# AVAILABLE RECORDS
--
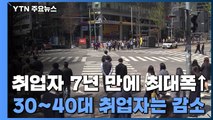 지난해 취업자 7년 만에 최대폭 증가...30~40대는 감소 / YTN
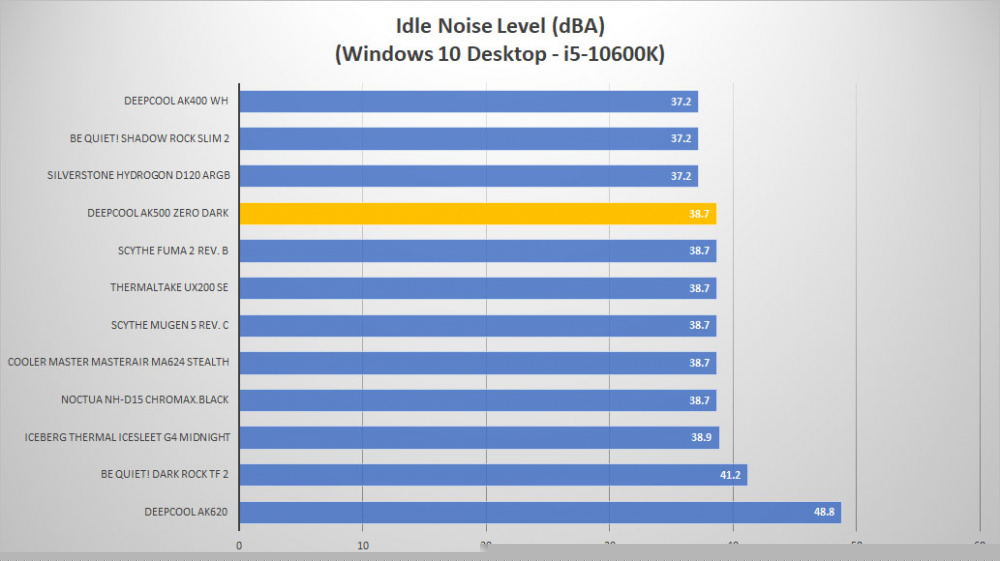 deepcool ak500 zerodark noise idle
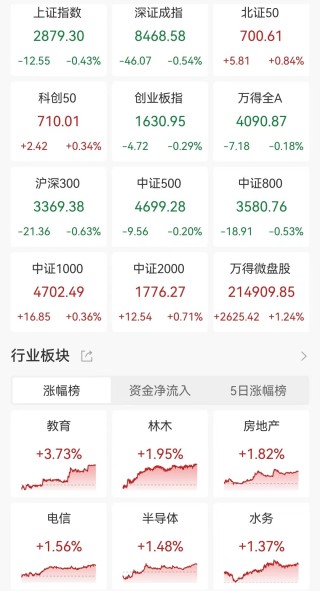 A股收评：持续调整！沪指跌0.43%，成交额连续两日不足6000亿元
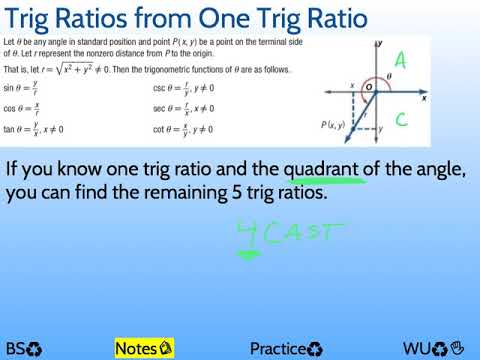 One Trig Ratio to Find the Other Five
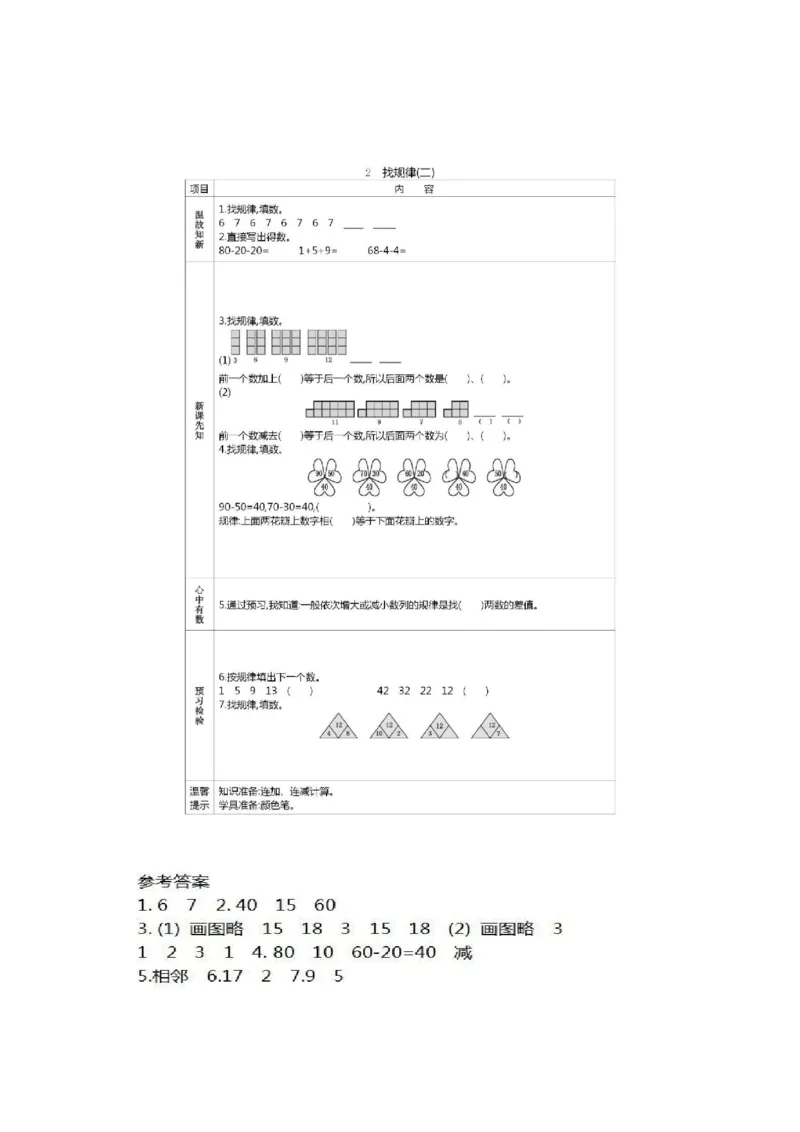 人教版数学一年级下册课前预习单_一年级上下册资料_小学一年级学习资料-25年更新版_1-04、小学一年级数学下册_1-4-1、复习、知识点、归纳汇总_人教版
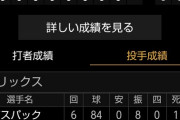 阪神タイガース、二軍も逝くｗｗｗｗｗｗｗｗｗｗｗｗ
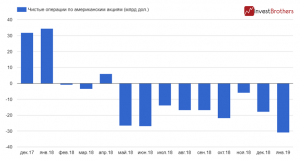 Американские акции попали под самые большие распродажи с 2018 г.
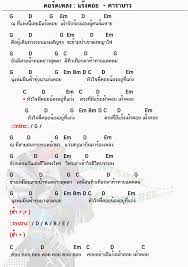 คอร ดเพลง แร งคอย คาราบาว แร งคอย คอร ดก ต าร คอร ด ง ายๆ คอร ดก ต าร เพลง การศ กษาด านดนตร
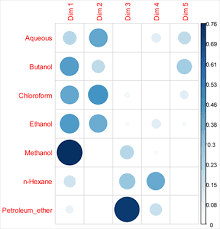 Image result for Napoleonaea gossweileri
--
# WHAT YOU WILL DO
Output everything in the records above word for word, but not the pictures.

# YOUR SOLUTION
 지난해 취업자 7년 만에 최대폭 증가...30~40대는 감소 / YTN
 deepcool ak500 zerodark noise idle
 A股收评：持续调整！沪指跌0.43%，成交额连续两日不足6000亿元
 One Trig Ratio to Find the Other Five
 人教版数学一年级下册课前预习单_一年级上下册资料_小学一年级学习资料-25年更新版_1-04、小学一年级数学下册_1-4-1、复习、知识点、归纳汇总_人教版
 阪神タイガース、二軍も逝くｗｗｗｗｗｗｗｗｗｗｗｗ
 Американские акции попали под самые большие распродажи с 2018 г.
 คอร ดเพลง แร งคอย คาราบาว แร งคอย คอร ดก ต าร คอร ด ง ายๆ คอร ดก ต าร เพลง การศ กษาด านดนตร
 Image result for Napoleonaea gossweileri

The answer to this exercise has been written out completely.